Address Indoor Air Quality

The single most important change a facility can make is assessing and addressing indoor air quality. Some of the strategies involved include advanced air quality monitoring to negative pressure conversions for patient rooms to the installation of UV filters.

Our team has assisted several clients—including St. Anthony Summit Medical Center and The Denver Hospice—with the negative pressure conversion of existing patient rooms in their facilities. We have also revisited ongoing designs to incorporate more negative air treatment spaces.

Provide a Touchless Experience

While studies have shown that transmission risk through contact with surfaces is lower than thought at the start of the pandemic, there is still risk involved in a hospital setting. As people move through a space, there are endless surfaces that provide potential for transmission, including door handles, sinks, elevator buttons, pens, railings, countertops, and many more. Reducing or eliminating the need for users to touch these surfaces offers an obvious way to limit transmission of COVID-19 (not to mention other diseases!) through surfaces.

Our team has worked with clients to install hand sensors and other sensor-activated equipment in their facilities to limit these high-touch surfaces. Because bathrooms are identified as a vector for transmission, touchless sinks are a critical way to limit surface contact in a facility.

Create Opportunities to Maintain Safe Distances

If any proven strategy has emerged in our collective fight against the spread of COVID-19, it is maintaining safe distances between people. The installation of sneeze guards and screens at check-in desks and nursing stations is one way to incorporate cues for social distancing into the healthcare setting.

The resetting of furniture layouts is another way to signal the recommended social distancing guidelines.
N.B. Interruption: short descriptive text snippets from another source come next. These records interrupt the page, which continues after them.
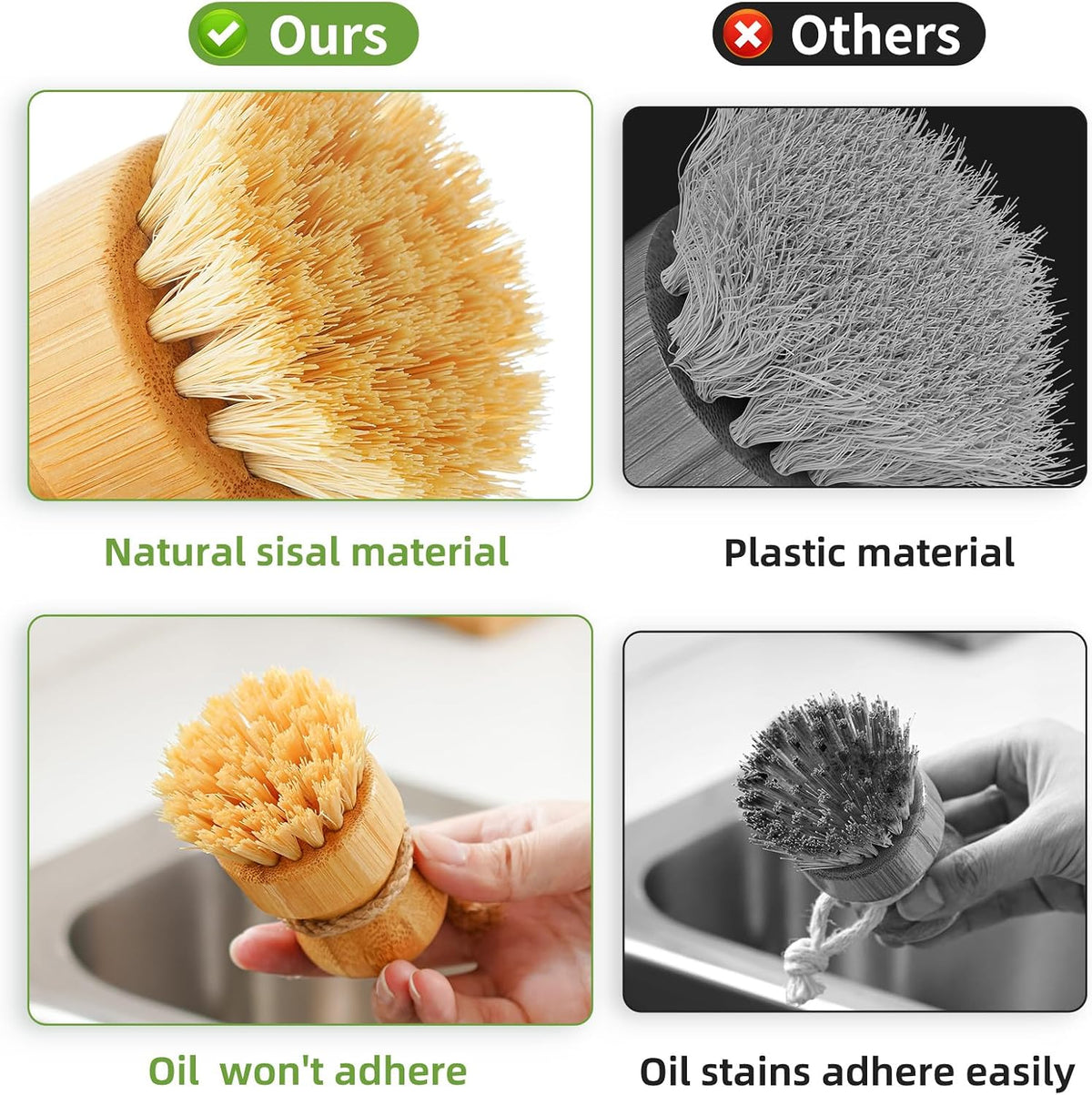 SUBEKYU Bamboo Dish Scrub Brush,Produce Brush,3 Pack with Ceramic Holder
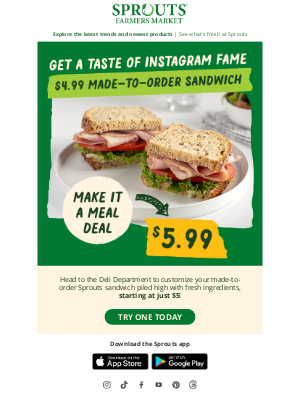 Sprouts Farmers Market, Inc. - Level Up Lunch with Our $5 Sandwich!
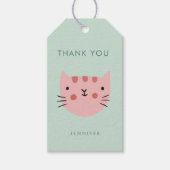 Cute Pink Cat Birthday bedankt Cadeaulabel (Voorkant)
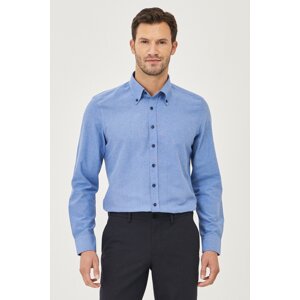 AC&Co / Altınyıldız Classics Men's BLUE Button-down Collar Tailored Slim Fit Oxford Shirt.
Tape markers and other more permanent floor markers are another way to manage social distancing in spaces that involve queuing, such as pharmacies.
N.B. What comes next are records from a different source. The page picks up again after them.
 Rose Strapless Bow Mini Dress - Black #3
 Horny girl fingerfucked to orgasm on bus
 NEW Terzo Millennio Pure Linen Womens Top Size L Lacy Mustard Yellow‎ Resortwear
Introduce Telemedicine into Your Service Line

The next, natural step in maintaining safe distance is to extend that distance far beyond the CDC-recommended six feet and provide care remotely through telemedicine.

Several of our clients, including Kaiser Permanente, have decided to pivot existing outpatient medical offices into telemedicine-only environments. This transition is not so straightforward as closing the exam room door and cracking open a laptop with a webcam. FGI guidelines provide clear direction for the design of these spaces, including consideration of color rendering index (CRI) and finishes, in order to ensure the best-possible environment for reviewing symptoms and providing diagnosis.

Rethink Movement and Circulation through Your Facility

In order to reduce the number and frequency of person-to-person interactions within their facilities, many providers have been forced to completely reconsider established patient flows and staff workflows.

The challenge begins with what now is a rite for everyone in the COVID-19 era: temperature-taking. Many healthcare facilities (not to mention other businesses and establishments) require each visitor’s temperature to be taken and logged. Naturally, this step introduces a wrinkle into existing check-in procedures.